When Achebe wrote Things Fall Apart, his intent was to explain the beginnings of the turmoil Africans have been experiencing over the past century. He wanted to describe the integrity of precolonial Nigeria, detail the effects of colonialism on tribal societies, and reveal the kinds of immoral treatment that people in modern society are often made to suffer. Critics agree that he accomplished all of these purposes. They feel that he writes honestly about tribal life and the colonial legacy. They also believe that Achebe delivers another important message: man will always face change, and he who can accommodate change will survive.
While some readers will view Okonkwo’s deterioration and demise as a tragic result of his going against the will of the gods, others see the new “world order” as inevitable. Okonkwo’s acts do not bring the tribe to an end; it is the tribe’s lack of adaptability that destroys it. These opposing interpretations strengthen the impact of the book. In The Growth of the African Novel, Eustace Palmer states that
while deploring the imperialists’ brutality and condescension, [Achebe] seems to suggest that change is inevitable and wise men . . . reconcile themselves to accommodating change. It is the diehards . . . who resist and are destroyed in the process.

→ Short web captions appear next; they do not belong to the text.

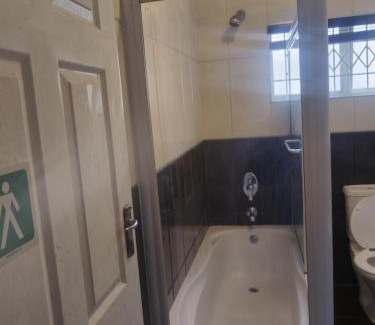 Ethekwini House | Lytton guest house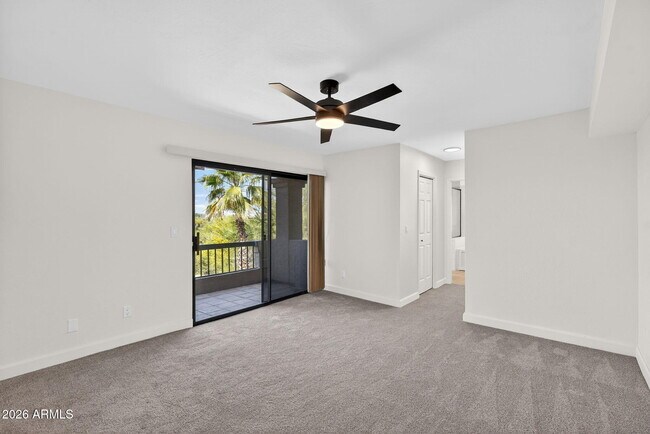 Building Photo - 7220 E Mary Sharon Dr
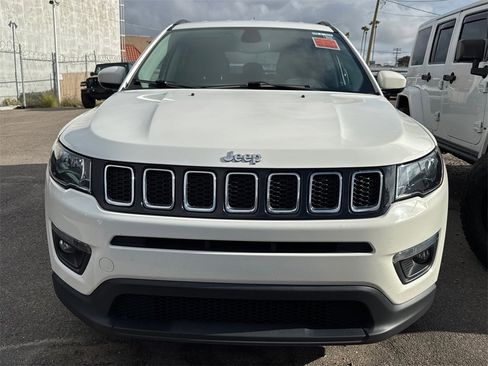 Used 2018 Jeep Compass Latitude w/ Popular Equipment Group image 5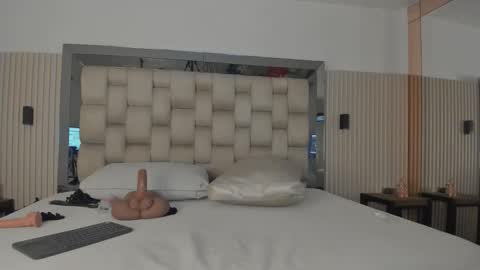  NOAH  online show from February 27, 11:54 am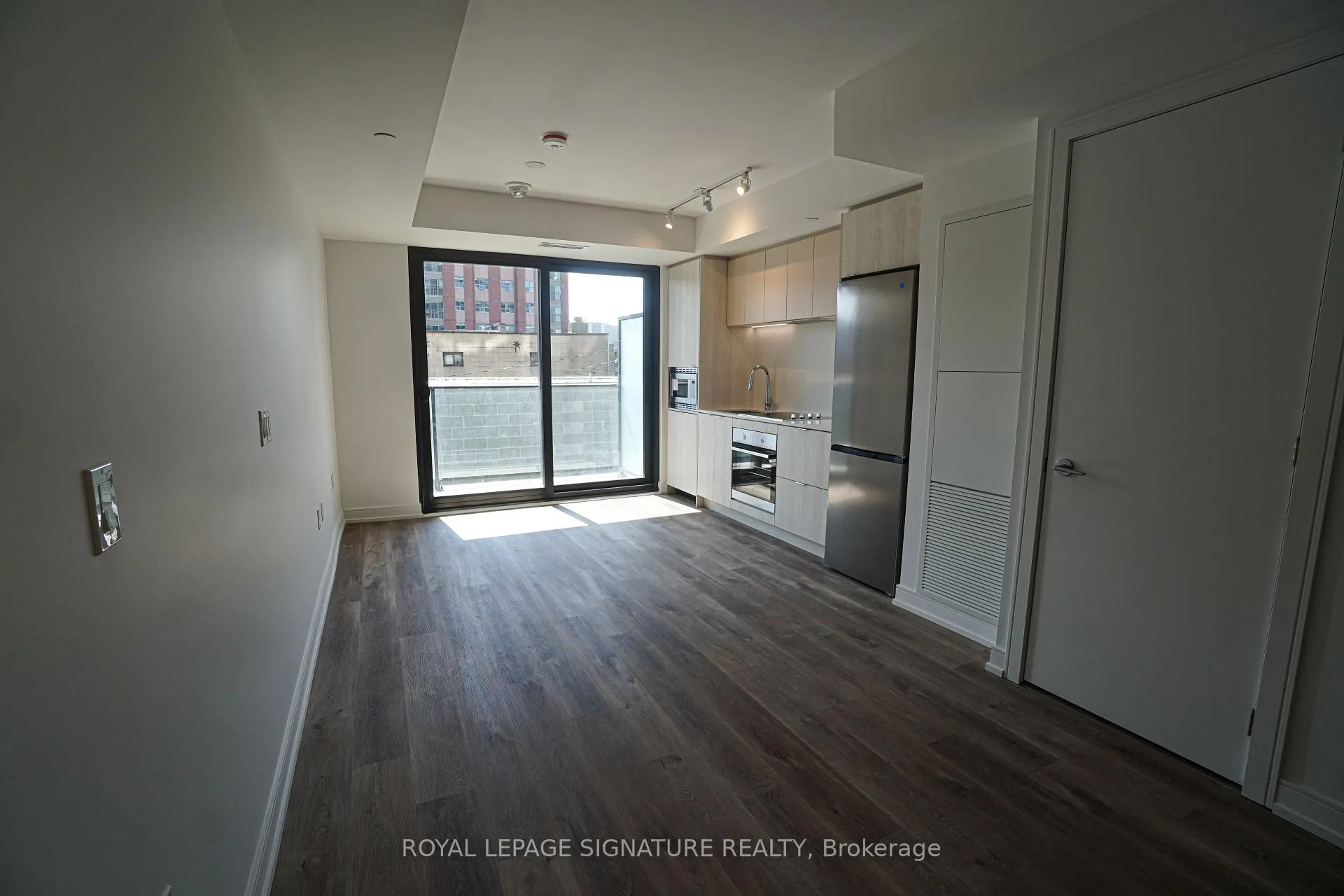 Photo 12 of Unit 404, 1 Jarvis Street, Hamilton, Beasley — HOMEH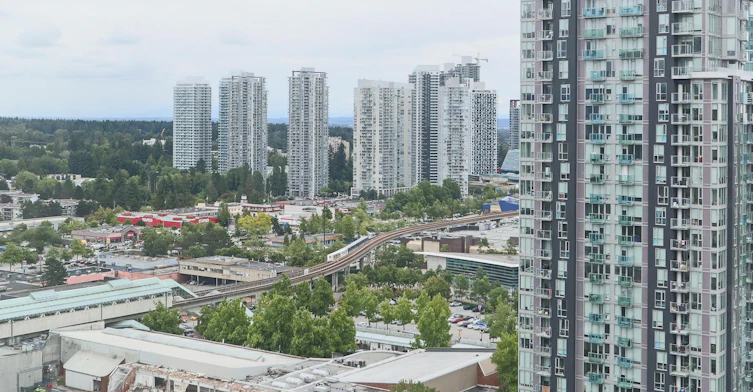 2911-13398 104 Avenue, Surrey, BC, V3T 1V6 - 2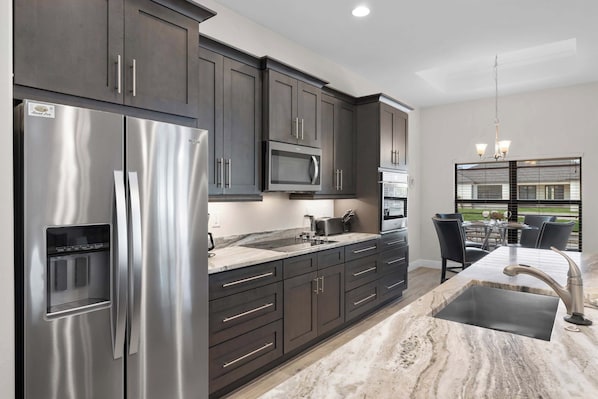 House (3 Bedrooms) | Property amenity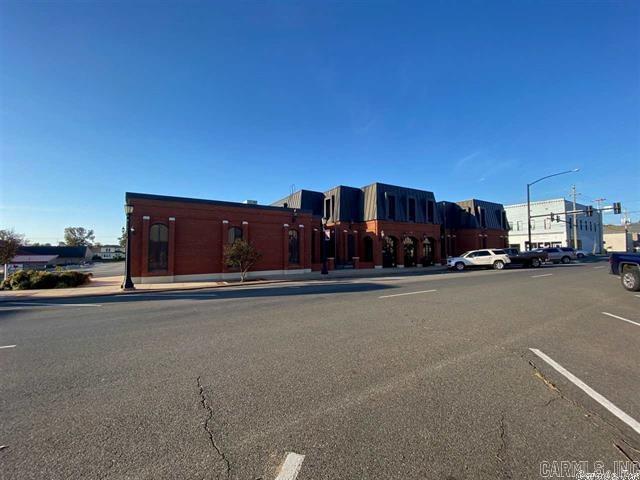 Leased before Listed. 1623sqft office space. Call for more details.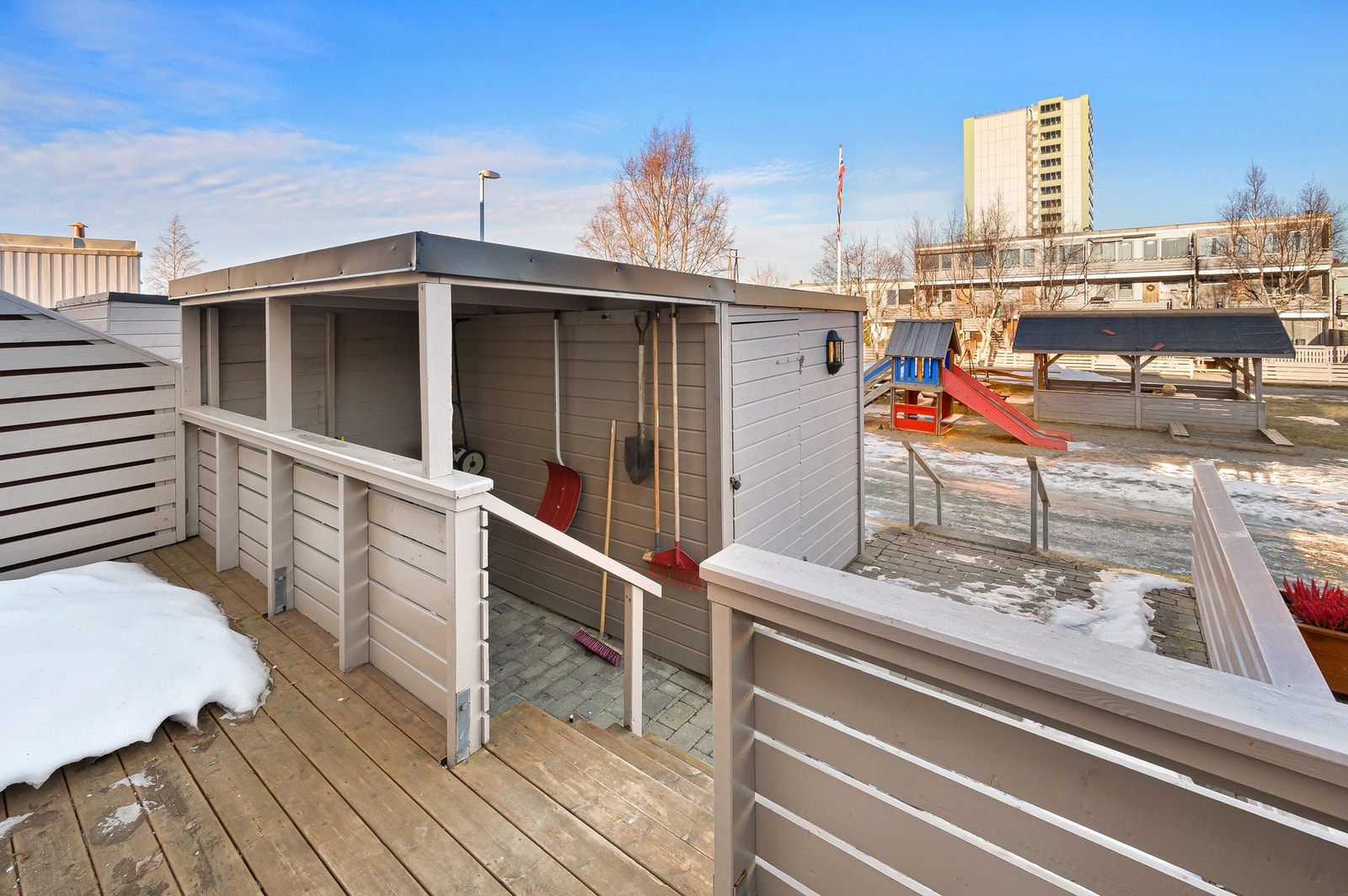 Utenfor inngangsdøren har du en nordvendt terrasse på 16,5 kvm. Galleribilde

Achebe successfully communicates his message through skillful writing. From the time critics first read his book, they have concurred that Achebe’s craftsmanship earns him a place among the best writers in the world. An example of his craftsmanship is Achebe’s ability to convey the essence of traditional Nigeria while borrowing from the conventions of the European novel. He was the first Nigerian writer to adapt African oral tradition to novel form. In doing so, “he created a new novel that possesses its own autonomy and transcends the limits set by both his African and European teachers,” as Kofi Awoonor observes in The Breast of the Earth. The borrowed European elements Achebe contrasts are communal life over the individual character and the beauty and detail of traditional tribal life over brief references to background. His descriptions of day-to-day life and special ceremonial customs provide a “powerful presentation of the beauty, strength, and validity of traditional life and values,” as Palmer observes.
Literary experts also point out Achebe’s ability to combine language forms, maintain thematic unity, and shape conflict in Things Fall Apart. His use of Ibo proverbs in conjunction with the English language places the reader in Africa with the Ibo tribe. Adrian A. Roscoe explains in his book Mother Is Gold: A Study of West African Literature, “Proverbs are cherished by Achebe’s people as tribal heirlooms, the treasure boxes of their cultural heritage.” In addition, the combination of languages helps reiterate the theme of tradition versus change. Roscoe goes on to say,
Through [proverbs] traditions are received and handed on; and when they disappear or fall into disuse . . . it is a sign that a particular tradition, or indeed a whole way of life, is passing away.
The death of the language then, a powerful cultural tradition, signifies the ultimate discord in the novel—the fall of one culture to another. G. D. Kil-lam observes in The Novels of Chinua Achebe that “the conflict in the novel, vested in Okonkwo, derives from the series of crushing blows which are levelled at traditional values by an alien and more powerful culture causing, in the end, the traditional society to fall apart.” Achebe’s mastery of content and his talent as a writer contribute to his worldwide success with this novel as well as his other novels, articles, poems, and essays. As Killam concludes, his writing conveys that “the spirit of man and the belief in the possibility of triumph endures.”